Peribronchial and perivascular deposition of α-SMA in C57BL/6 mouse lungs at day 21 after injection of endotracheal sterile saline only (A), endotracheal bleomycin only (B), endotracheal bleomycin followed by intravenous sterile saline (C) or endotracheal bleomycin followed by intravenous hUC-MSC (D). Lung sections were immunostained with anti-α-SMA antibody. Representative microscopic images (40× magnification) of three independent experiments are shown.

https://doi.org/10.1371/journal.pone.0196048.g006

The attenuation of bleomycin-induced fibrosis by hUC-MSC is associated with down-regulation of M2 macrophage activation

To investigate the mechanisms through which hUC-MSC may affect the immune response to bleomycin challenge and exert their anti-inflammatory, anti-fibrotic effect, mRNA was extracted from whole lung tissue obtained from hUC-MSC-treated and untreated mice at days 8, 14, and 21 after bleomycin instillation and transcripts were analyzed by quantitative real-time PCR. Lungs exposed to bleomycin displayed a significant increase in the expression of pro-inflammatory cytokines IL-1β, IL-2, IL-6 and anti-inflammatory cytokine IL-10, in comparison with sterile saline-treated control mice. Notably, following hUC-MSC treatment, the expression of pro-inflammatory cytokines IL-1 and IL-2 remained elevated whereas IL-6 and IL-10 were progressively reduced, down to the day 21 levels observed in saline-treated control mice (Fig 4D–4G). Cytokine gene expression data were confirmed by protein measurement at day 21 using Western blotting (Fig 5C–5F). Since IL-6 and IL-10 are secreted, albeit not exclusively, by M1 and M2 macrophages[27, 28], that have been implicated in tissue repair and subsequent organ fibrosis[29], we employed two different monoclonal antibodies, one targeting galectin-3, a general macrophage marker of chronic inflammation and fibrosis during bleomycin-induced fibrosis [3032], the other one targeting a more specific marker of M2 macrophage activation such as arginase-1[33], to specifically label these cells in lungs taken from the experimental mice.

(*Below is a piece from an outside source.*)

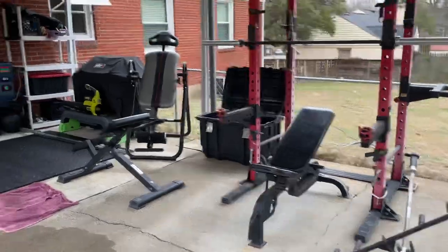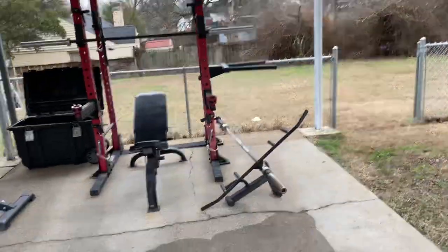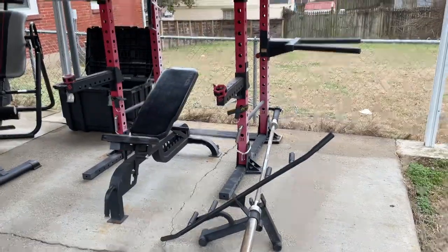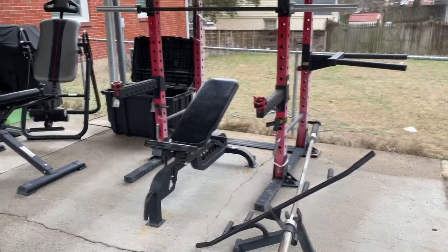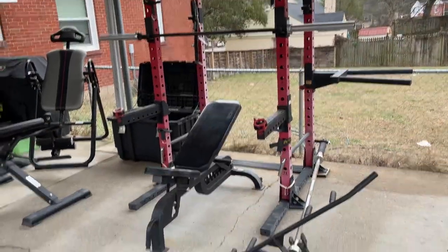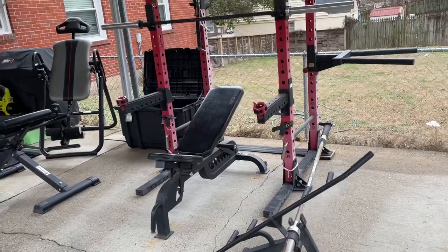It's a carport gym which is outside — welcome to Tennessee. It's a little bit weird moving from California to here, there's always kind of something going on. But at least it's not freezing cold today. I've been out here working out when it's triple digits and when it's snowing.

We could observe a significant increase of Galectin-3 and arginase-1 positively stained macrophage cells count in the alveoli and interstitial spaces compared to saline-treated controls, which was significantly, although not completely, reverted by hUC-MSC administration both at day 8 and 21 post bleomycin-induced lung injury (Figs 7 and 8). Thus, our results show that systemic administration of hUC-MSC has the ability to specifically down-regulate the IL-6/IL-10/TGFβ axis involving lung macrophages, especially the M2 subset, the decrease of which correlates with the reduction of bleomycin-induced fibrosis in C57BL/6 mice.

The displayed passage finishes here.